> AVAILABLE DATA

__________

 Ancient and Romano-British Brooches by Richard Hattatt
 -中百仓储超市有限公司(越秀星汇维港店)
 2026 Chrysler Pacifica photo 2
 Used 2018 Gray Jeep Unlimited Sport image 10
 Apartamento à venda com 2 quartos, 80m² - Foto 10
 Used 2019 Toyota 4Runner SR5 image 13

__________

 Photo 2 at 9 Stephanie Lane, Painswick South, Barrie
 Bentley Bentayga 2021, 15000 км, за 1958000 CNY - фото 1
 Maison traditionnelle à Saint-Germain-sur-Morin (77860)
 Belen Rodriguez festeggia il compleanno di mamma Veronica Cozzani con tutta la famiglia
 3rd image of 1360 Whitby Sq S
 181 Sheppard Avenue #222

__________

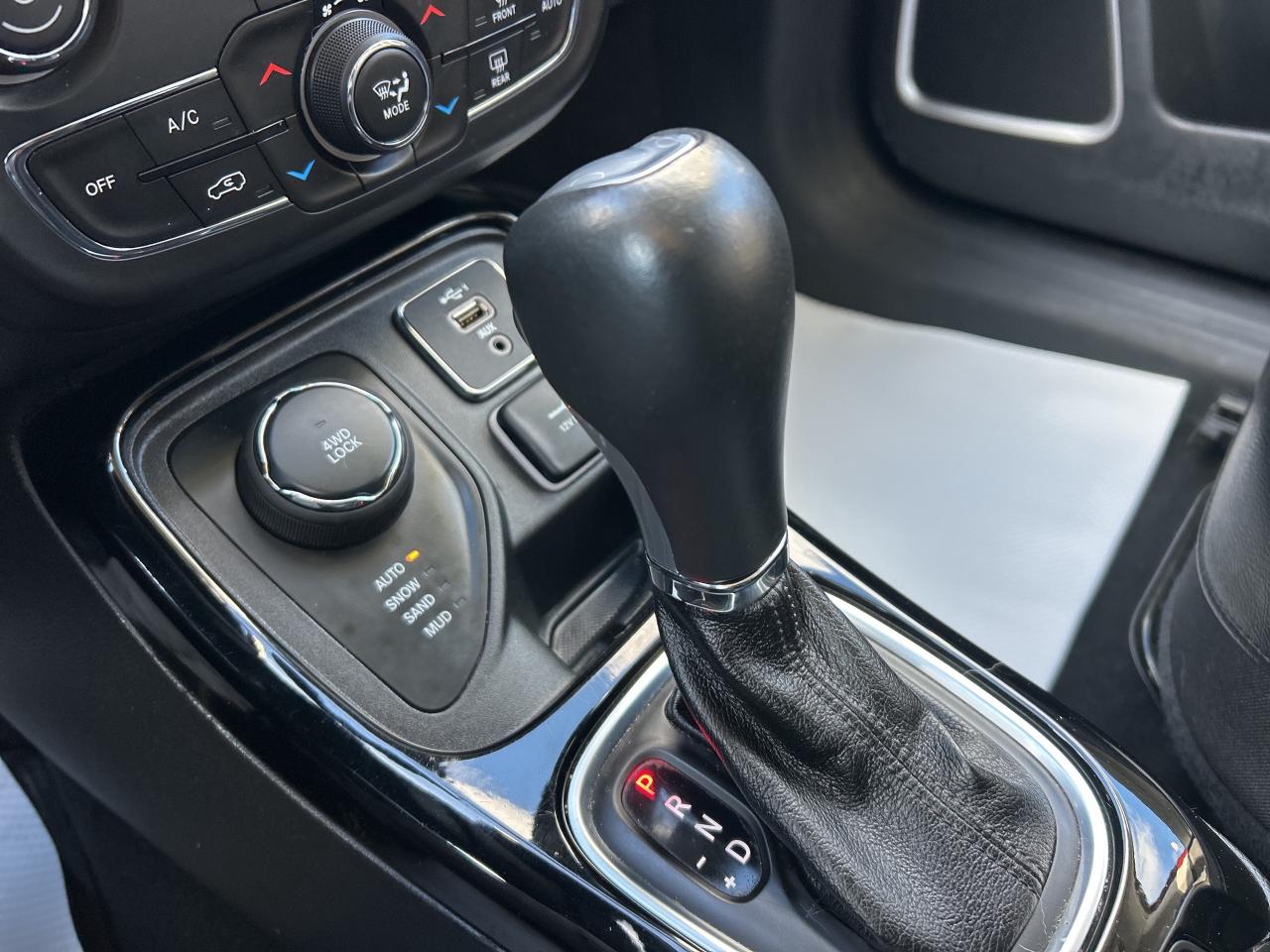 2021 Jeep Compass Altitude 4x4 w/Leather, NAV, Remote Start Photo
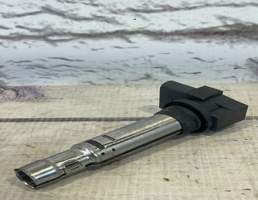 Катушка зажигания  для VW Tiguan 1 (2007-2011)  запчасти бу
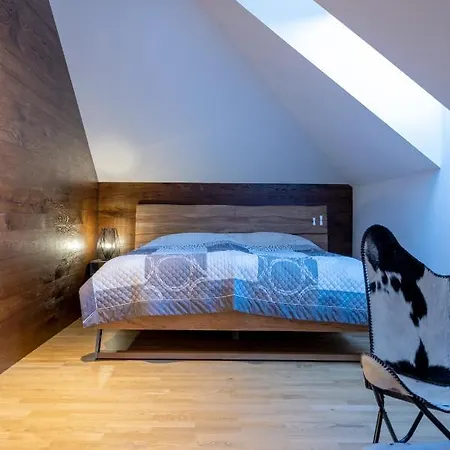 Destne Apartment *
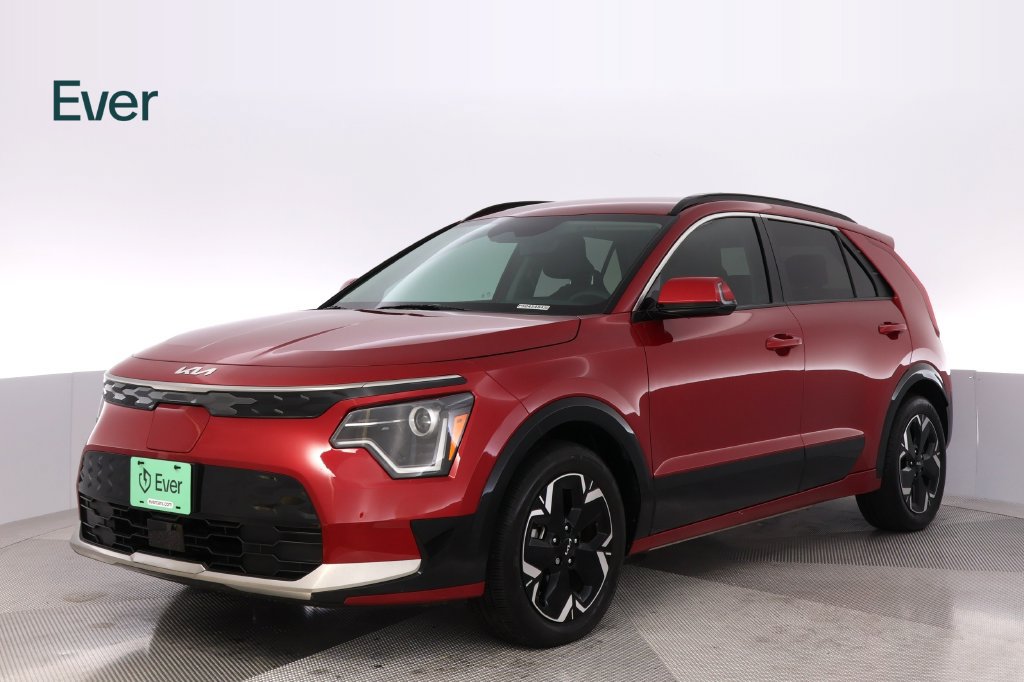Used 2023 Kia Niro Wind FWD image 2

__________

> WORK ITEM
From the line with "для VW Tiguan" up to and including the line with "Used 2023 Kia Niro Wind FWD image 2" above, retype every line exactly and nothing more; leave out the pictures.

> SOLUTION TO THE PROBLEM
 Катушка зажигания  для VW Tiguan 1 (2007-2011)  запчасти бу
 Destne Apartment *
Used 2023 Kia Niro Wind FWD image 2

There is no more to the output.